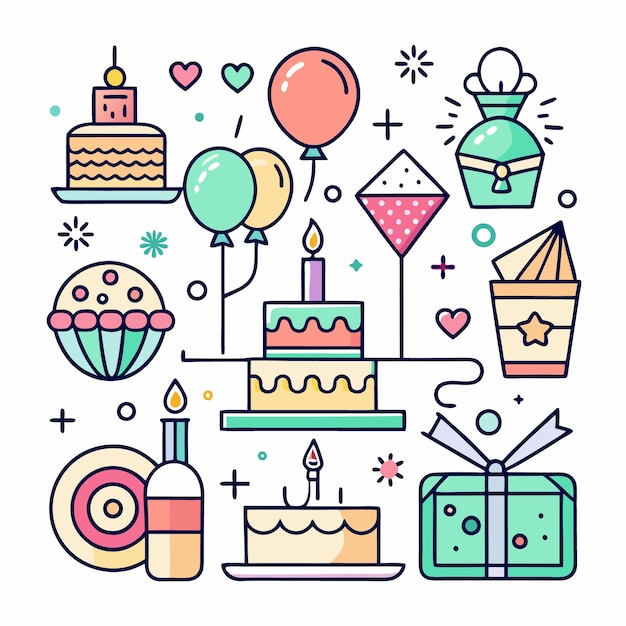 Ilustración de elementos de la fiesta de cumpleaños con regalos de globos de pastel y confeti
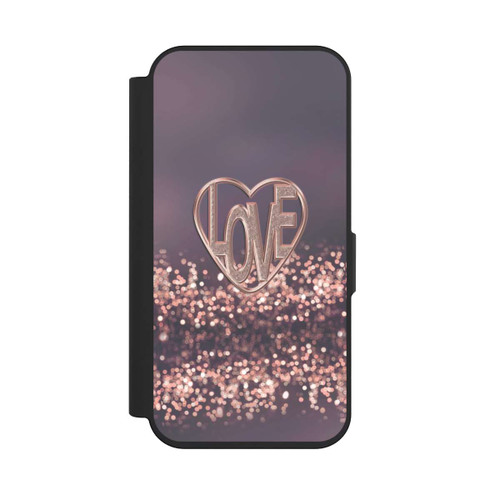 Apple iPhone 15 Pro NIVOflip LOVE Glitzerrosa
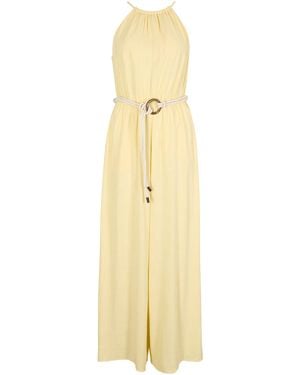 Apricot Cotton Blend Wide-Leg Jumpsuit - Mettallic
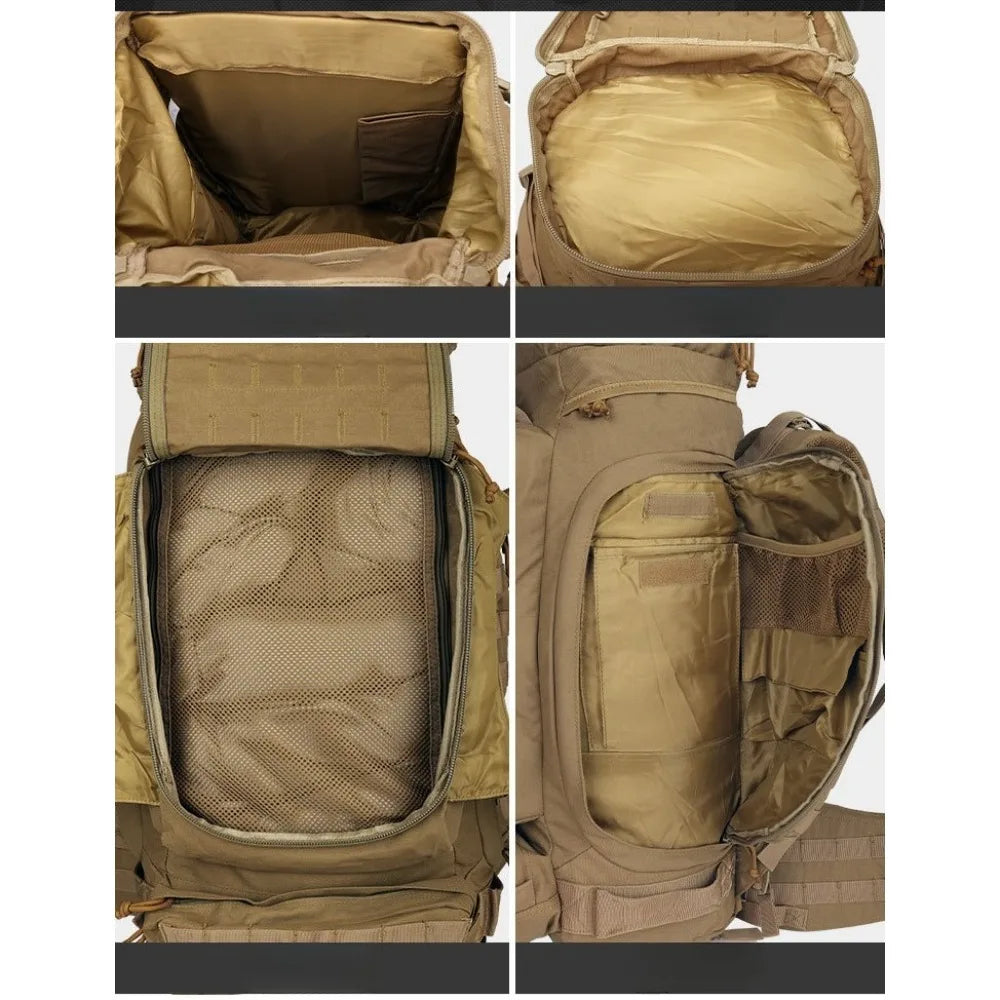 90L Large Tactical Backpack for Hiking Mountaineering Camping Travel Outdoor Sports with Rain Cover Breathable Back System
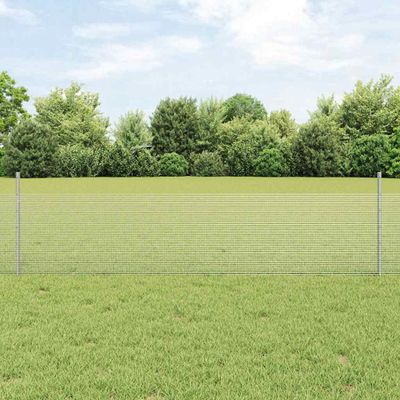 vidaXL Zváraný drôtový plot s podperou 100 x 0,5 m Strieborná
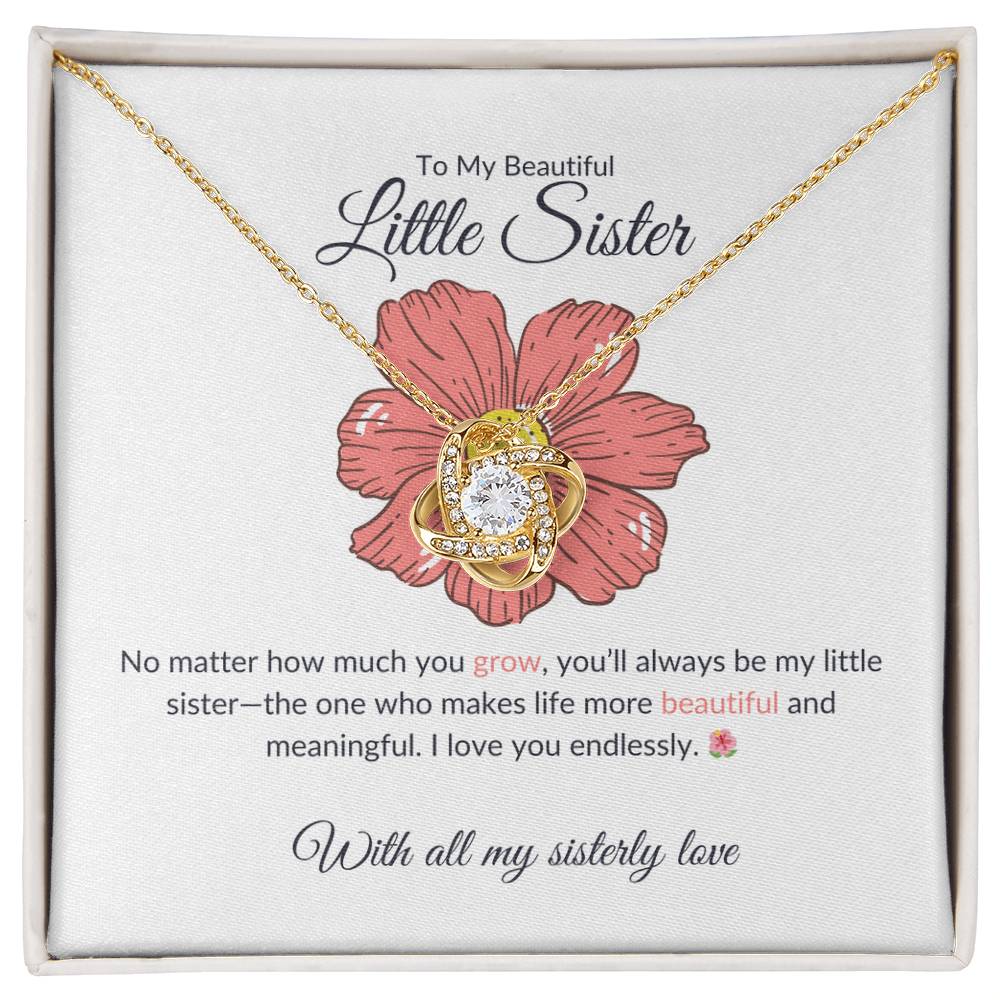 To My Gorgeous Little Sister – Love Knot Necklace | A Charming Necklace Gift For Little Sister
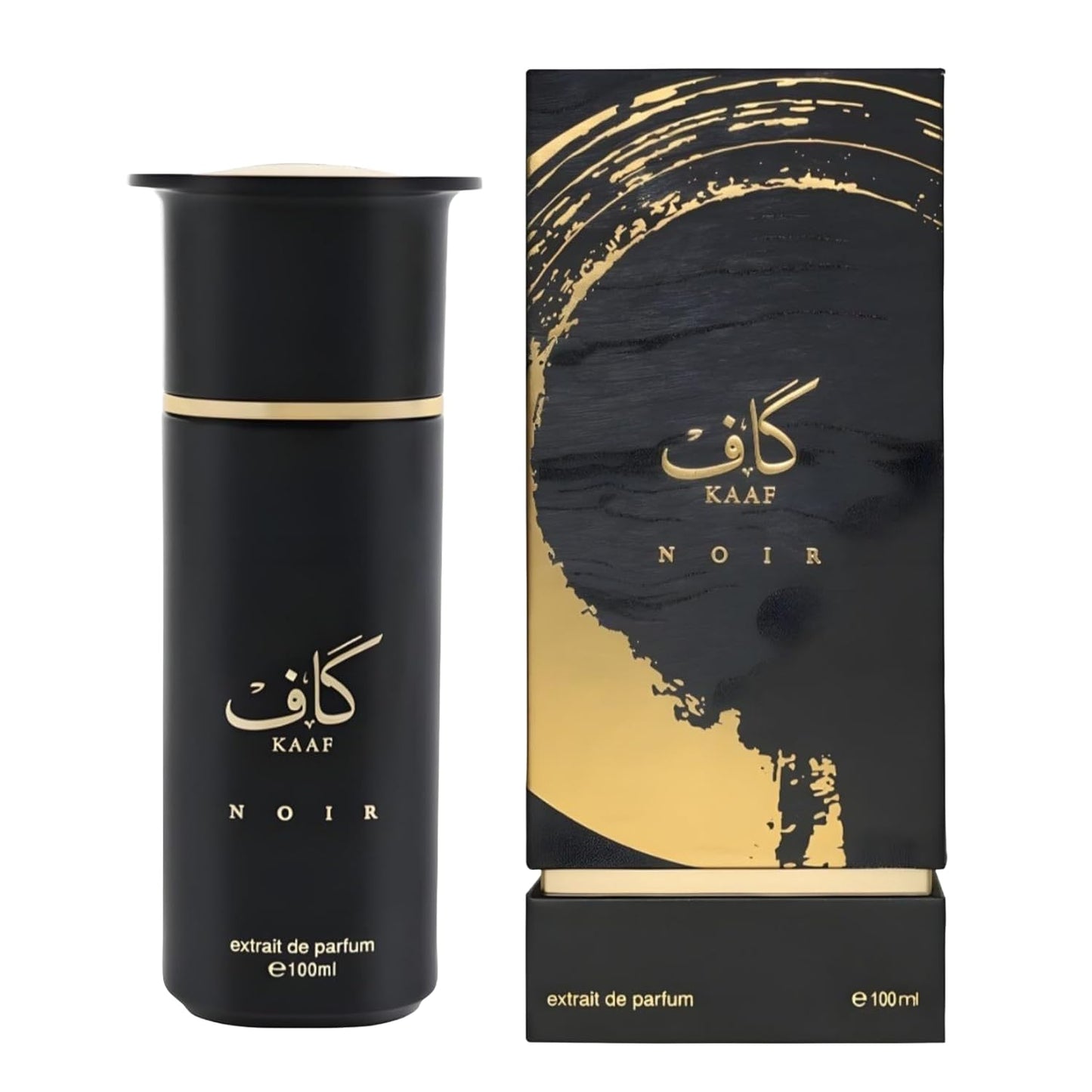 **Kaaf Noir Extrait De Parfum - Luxury Unisex Long Lasting Perfume | Citrus Woody Aromatic Fragrance with Vetiver, Lavender, Musk - 3.4 Oz**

========

- TASK PROMPT
Go from the first line of the data above to the line containing "90L Large Tactical" and retype exactly those lines, both included, but none of the pictures.

- SOLUTION
 Ilustración de elementos de la fiesta de cumpleaños con regalos de globos de pastel y confeti
 Apple iPhone 15 Pro NIVOflip LOVE Glitzerrosa
 Apricot Cotton Blend Wide-Leg Jumpsuit - Mettallic
 90L Large Tactical Backpack for Hiking Mountaineering Camping Travel Outdoor Sports with Rain Cover Breathable Back System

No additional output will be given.